> **Exercise goal**: Would you give the listing again exactly, without its images?

> **Dataset section**:
──────────────────────────────

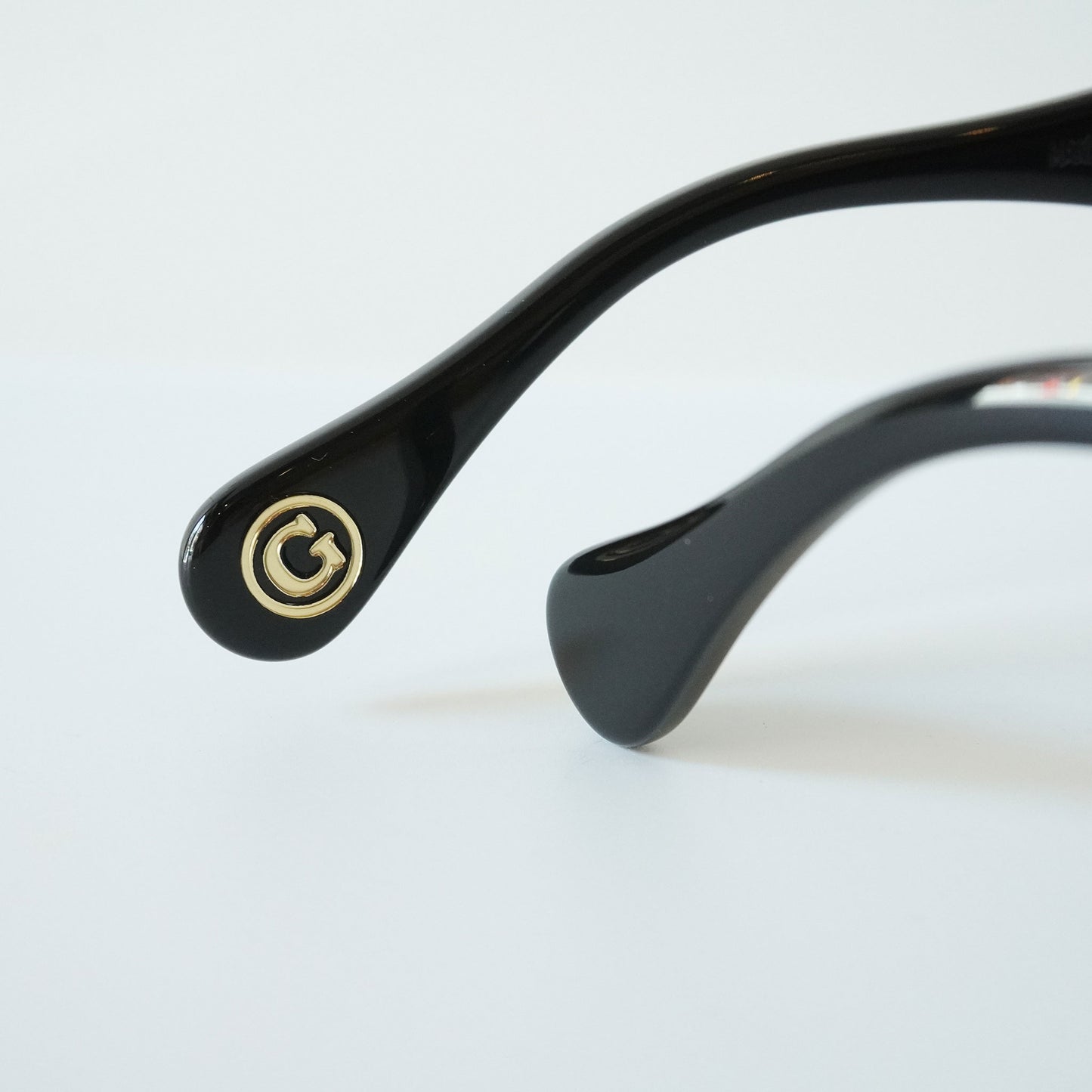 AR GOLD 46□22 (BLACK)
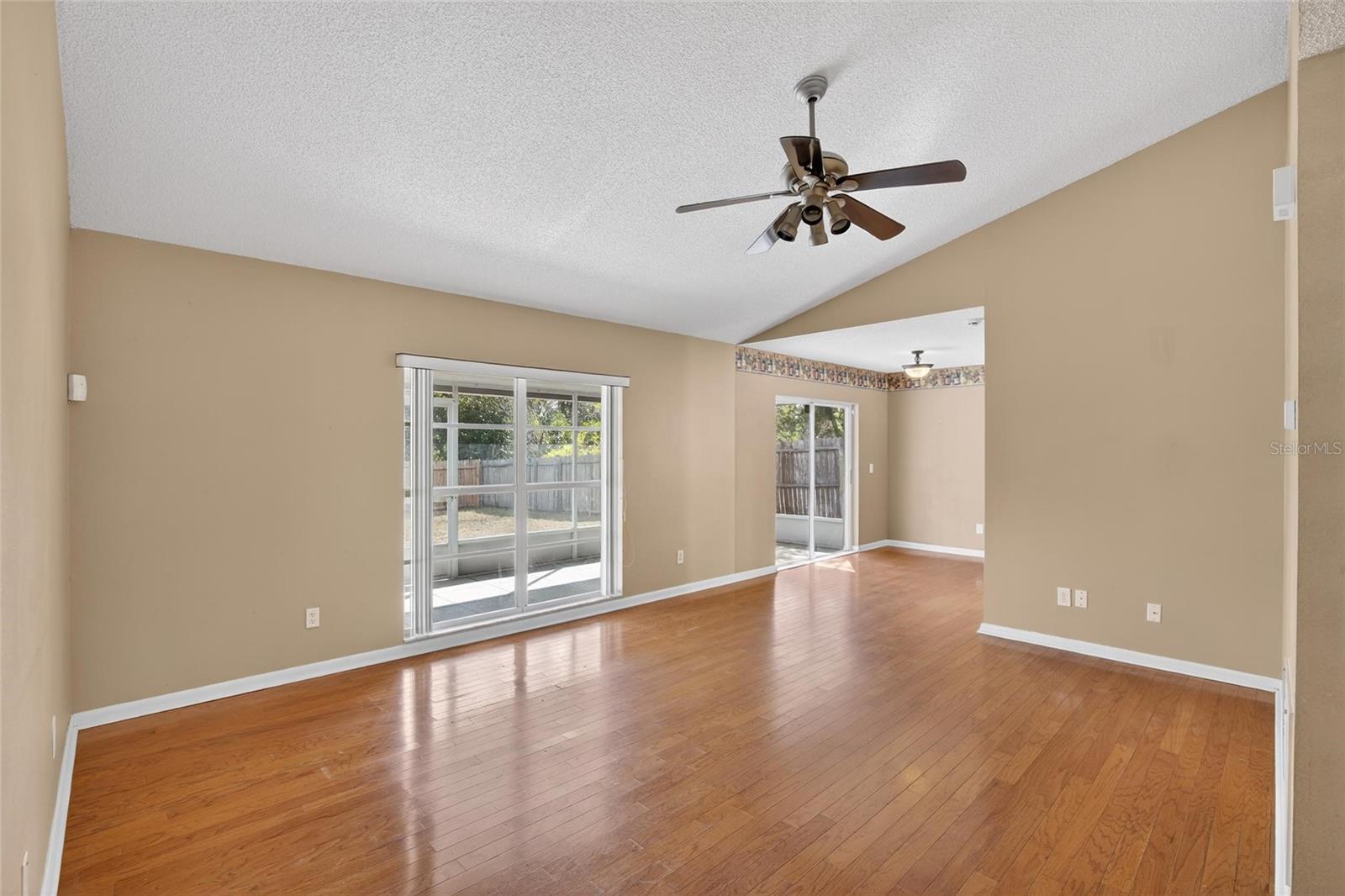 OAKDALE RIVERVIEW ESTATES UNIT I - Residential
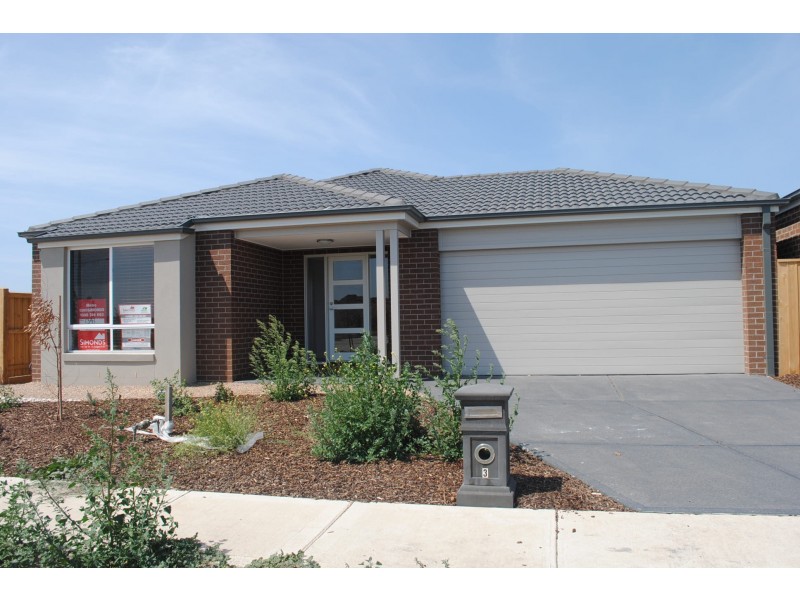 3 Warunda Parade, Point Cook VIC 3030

──────────────────────────────

> **Exercise response**:
 AR GOLD 46□22 (BLACK)
 OAKDALE RIVERVIEW ESTATES UNIT I - Residential
 3 Warunda Parade, Point Cook VIC 3030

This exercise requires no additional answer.